Smaller budget features often have a limited number of shoot days for what a higher budget film might have double or triple the time to shoot. On top of that, a shooting schedule with multiple locations may require moving locations during the course of each shoot day.
On One Bird at a Time, we shot a feature length web series over the course of ten days and worked with a schedule that included two locations a day for the majority of our shoot.
A limited shot list is one of the keys to making this kind of schedule feasible. Because One Bird’s scripts emphasized dialogue and character over action, we went for a naturalistic style which helped us save time while remaining true to the scripts.

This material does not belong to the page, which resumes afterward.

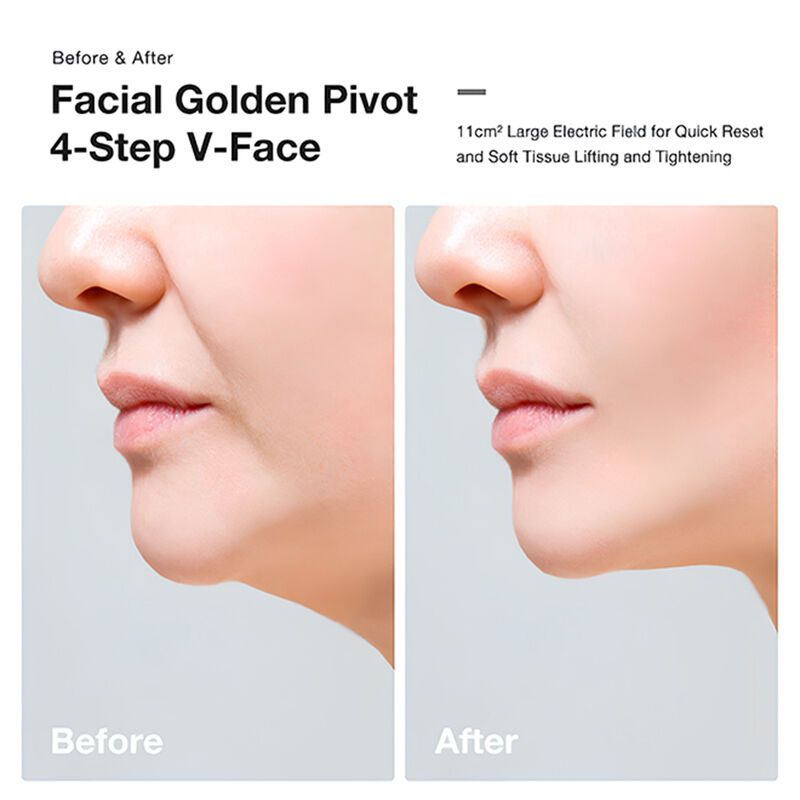 jovs vlift antiageing device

We often shot only an establishing wide shot, and then focused on close-ups for the rest of each scene. Any extra shots we were considering were usually thrown out the window for the sake of time. Fortunately, in the editing room, we found we probably wouldn’t have used these anyway as they didn’t cohere with the style that worked best aesthetically for the scripts.
Lighting took the bulk of our extra time, but because of our budget and frequent moves, we had only minimal lights at our disposal. This actually forced us to make careful decisions about the lights we did want to bring along, and the ways in which we could use those as well as practical and natural lighting. The lighting — which included an exterior night shot — ended up being simple but effective for the style of the series.

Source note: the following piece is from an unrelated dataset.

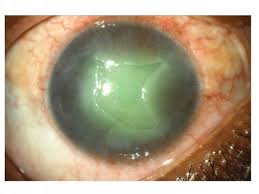 Herpes simplex keratitis: challenges in diagnosis and clinical managem |  OPTH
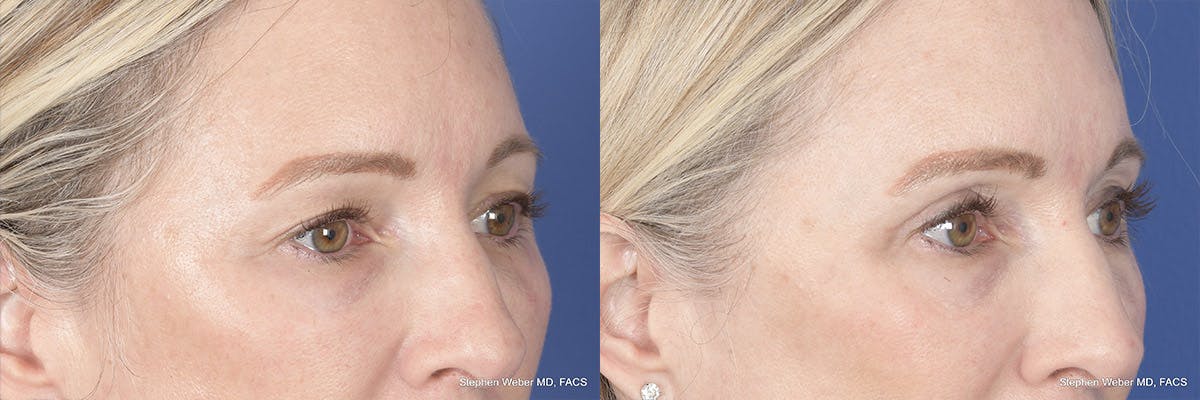 Brow Lift Before & After Gallery - Patient 160183 - Image 4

An easy set-up also makes the process more efficient. Access to locations the day before often means choosing locations that are either donated or already owned by the crew, but sometimes this can save hours of time on a shoot day. For locations we did obtain early access to, our crew could go in and set up the night before. Other locations, particularly exteriors and a few public spaces, we chose because they needed minimal to no set-up, and we could begin shooting almost immediately after lighting.

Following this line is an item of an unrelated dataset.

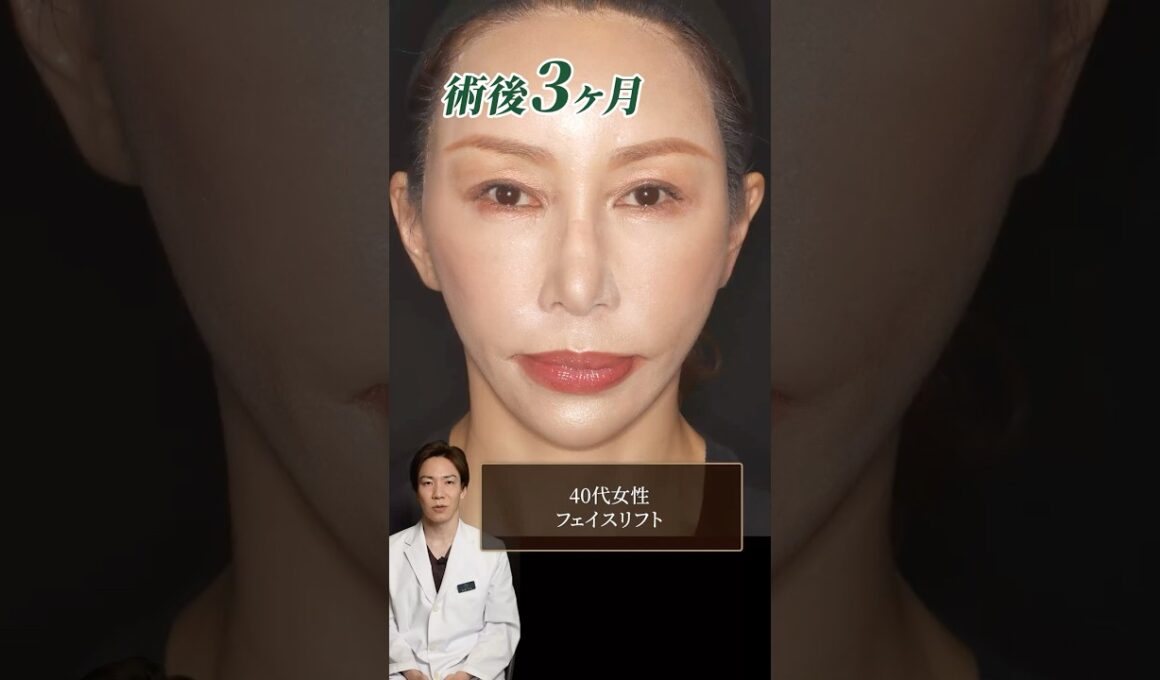 【症例解説】40代女性お顔のたるみをフェイスリフトで解決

Having the crew on the same page in terms of overall vision, as well as timing and schedule is also crucial. By taking extra time in hiring the right crew, and conducting a series of pre-production meetings one-one-one with key crew (Production Designer, DP, etc), we were able to do minimize discussions on set. While as the director, I always reviewed details of design and lighting for each set-up, there were very few times I felt compelled to make significant comments/changes – the agreements and understandings in both overarching vision and specific detail that we had developed in pre-production really paid off on set.
The actors were a large part of the process as well. They were largely brought in early in the process, and rehearsed a number of times. For One Bird, we used improvisation for rehearsals rather than the script, so that the actors could feel comfortable and naturalistic on set. This also paid off for us, as the actors had the scripts a month or more before shooting, and were largely well memorized and had very few questions as to character and motivation at the time of shooting.
Overall, despite the location moves and an ambitious number of pages we shot per day, we were able to produce a full series that looked and felt high quality both artistically and technically. All while maintaining a happy cast and crew who were all in for season two.